◆ **DESCRIPTION OF THE TASK**
Your answer must be the lines of the entries below, exactly as written, from the first line through the line containing "Kuromi PFP Pinterest".

◆ **RAW DATA**
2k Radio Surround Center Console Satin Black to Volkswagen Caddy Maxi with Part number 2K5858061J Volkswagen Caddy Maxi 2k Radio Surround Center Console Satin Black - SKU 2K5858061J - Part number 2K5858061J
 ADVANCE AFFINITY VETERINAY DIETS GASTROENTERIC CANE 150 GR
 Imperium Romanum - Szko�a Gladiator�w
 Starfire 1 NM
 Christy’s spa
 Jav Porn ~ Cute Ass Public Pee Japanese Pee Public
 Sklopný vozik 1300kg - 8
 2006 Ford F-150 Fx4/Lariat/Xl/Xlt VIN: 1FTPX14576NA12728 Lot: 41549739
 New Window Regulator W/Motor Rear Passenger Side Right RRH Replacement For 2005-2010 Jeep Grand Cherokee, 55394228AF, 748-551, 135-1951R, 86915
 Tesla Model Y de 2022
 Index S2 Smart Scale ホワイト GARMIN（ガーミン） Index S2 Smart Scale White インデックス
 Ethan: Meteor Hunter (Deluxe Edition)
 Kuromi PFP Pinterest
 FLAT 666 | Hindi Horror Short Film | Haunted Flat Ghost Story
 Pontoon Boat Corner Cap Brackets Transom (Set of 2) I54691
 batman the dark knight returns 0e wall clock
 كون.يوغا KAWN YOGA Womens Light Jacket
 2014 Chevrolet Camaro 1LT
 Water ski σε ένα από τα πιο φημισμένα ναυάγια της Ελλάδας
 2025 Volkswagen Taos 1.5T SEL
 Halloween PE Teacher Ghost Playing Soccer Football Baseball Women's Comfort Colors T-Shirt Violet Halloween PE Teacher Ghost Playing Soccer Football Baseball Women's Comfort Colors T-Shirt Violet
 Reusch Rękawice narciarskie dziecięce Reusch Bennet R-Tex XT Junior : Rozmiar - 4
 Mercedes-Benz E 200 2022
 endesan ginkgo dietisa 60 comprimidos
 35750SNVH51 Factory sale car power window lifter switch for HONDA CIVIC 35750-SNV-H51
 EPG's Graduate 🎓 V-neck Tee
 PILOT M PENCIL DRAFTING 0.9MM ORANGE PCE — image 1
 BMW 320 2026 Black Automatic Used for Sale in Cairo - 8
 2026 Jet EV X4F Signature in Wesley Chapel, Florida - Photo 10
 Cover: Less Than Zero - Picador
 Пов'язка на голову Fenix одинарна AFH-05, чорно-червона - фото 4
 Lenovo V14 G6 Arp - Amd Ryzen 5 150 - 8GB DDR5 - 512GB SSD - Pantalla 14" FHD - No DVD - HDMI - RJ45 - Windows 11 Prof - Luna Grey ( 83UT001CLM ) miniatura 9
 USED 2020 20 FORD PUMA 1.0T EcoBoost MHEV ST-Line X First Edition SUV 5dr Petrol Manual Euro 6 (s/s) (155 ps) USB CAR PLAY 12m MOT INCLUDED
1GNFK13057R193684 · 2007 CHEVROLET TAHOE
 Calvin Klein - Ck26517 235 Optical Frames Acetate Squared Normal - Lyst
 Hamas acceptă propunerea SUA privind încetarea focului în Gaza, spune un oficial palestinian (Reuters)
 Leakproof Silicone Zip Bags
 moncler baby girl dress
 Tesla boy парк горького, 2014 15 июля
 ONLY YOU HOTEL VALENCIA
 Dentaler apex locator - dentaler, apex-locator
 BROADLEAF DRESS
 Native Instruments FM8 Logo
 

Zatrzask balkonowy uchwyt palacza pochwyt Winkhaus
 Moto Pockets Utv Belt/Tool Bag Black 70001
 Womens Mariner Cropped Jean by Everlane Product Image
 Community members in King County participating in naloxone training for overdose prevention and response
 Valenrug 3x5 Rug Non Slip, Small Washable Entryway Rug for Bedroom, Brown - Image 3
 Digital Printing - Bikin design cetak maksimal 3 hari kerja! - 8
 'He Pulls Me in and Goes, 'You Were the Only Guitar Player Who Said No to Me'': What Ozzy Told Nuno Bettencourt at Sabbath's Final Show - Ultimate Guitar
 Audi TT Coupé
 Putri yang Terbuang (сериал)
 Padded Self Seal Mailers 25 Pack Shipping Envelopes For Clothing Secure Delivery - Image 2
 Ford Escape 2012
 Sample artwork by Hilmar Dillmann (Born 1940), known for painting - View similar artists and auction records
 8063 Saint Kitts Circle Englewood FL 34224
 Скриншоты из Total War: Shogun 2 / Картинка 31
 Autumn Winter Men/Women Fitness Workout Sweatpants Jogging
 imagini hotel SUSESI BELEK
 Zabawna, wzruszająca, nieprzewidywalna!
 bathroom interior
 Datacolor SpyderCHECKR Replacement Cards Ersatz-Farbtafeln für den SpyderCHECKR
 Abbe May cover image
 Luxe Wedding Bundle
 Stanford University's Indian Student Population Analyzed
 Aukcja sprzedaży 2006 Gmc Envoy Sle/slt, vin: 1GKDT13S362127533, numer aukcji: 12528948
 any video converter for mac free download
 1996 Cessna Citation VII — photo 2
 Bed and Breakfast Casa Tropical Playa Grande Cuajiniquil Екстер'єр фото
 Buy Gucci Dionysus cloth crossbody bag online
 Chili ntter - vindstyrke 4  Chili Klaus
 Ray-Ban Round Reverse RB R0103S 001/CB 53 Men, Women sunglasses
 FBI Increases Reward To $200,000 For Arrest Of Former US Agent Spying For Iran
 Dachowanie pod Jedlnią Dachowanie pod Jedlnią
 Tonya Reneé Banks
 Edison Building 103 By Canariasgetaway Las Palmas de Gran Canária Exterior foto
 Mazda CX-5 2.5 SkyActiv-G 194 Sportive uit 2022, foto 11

◆ **SOLUTION**
2k Radio Surround Center Console Satin Black to Volkswagen Caddy Maxi with Part number 2K5858061J Volkswagen Caddy Maxi 2k Radio Surround Center Console Satin Black - SKU 2K5858061J - Part number 2K5858061J
 ADVANCE AFFINITY VETERINAY DIETS GASTROENTERIC CANE 150 GR
 Imperium Romanum - Szko�a Gladiator�w
 Starfire 1 NM
 Christy’s spa
 Jav Porn ~ Cute Ass Public Pee Japanese Pee Public
 Sklopný vozik 1300kg - 8
 2006 Ford F-150 Fx4/Lariat/Xl/Xlt VIN: 1FTPX14576NA12728 Lot: 41549739
 New Window Regulator W/Motor Rear Passenger Side Right RRH Replacement For 2005-2010 Jeep Grand Cherokee, 55394228AF, 748-551, 135-1951R, 86915
 Tesla Model Y de 2022
 Index S2 Smart Scale ホワイト GARMIN（ガーミン） Index S2 Smart Scale White インデックス
 Ethan: Meteor Hunter (Deluxe Edition)
 Kuromi PFP Pinterest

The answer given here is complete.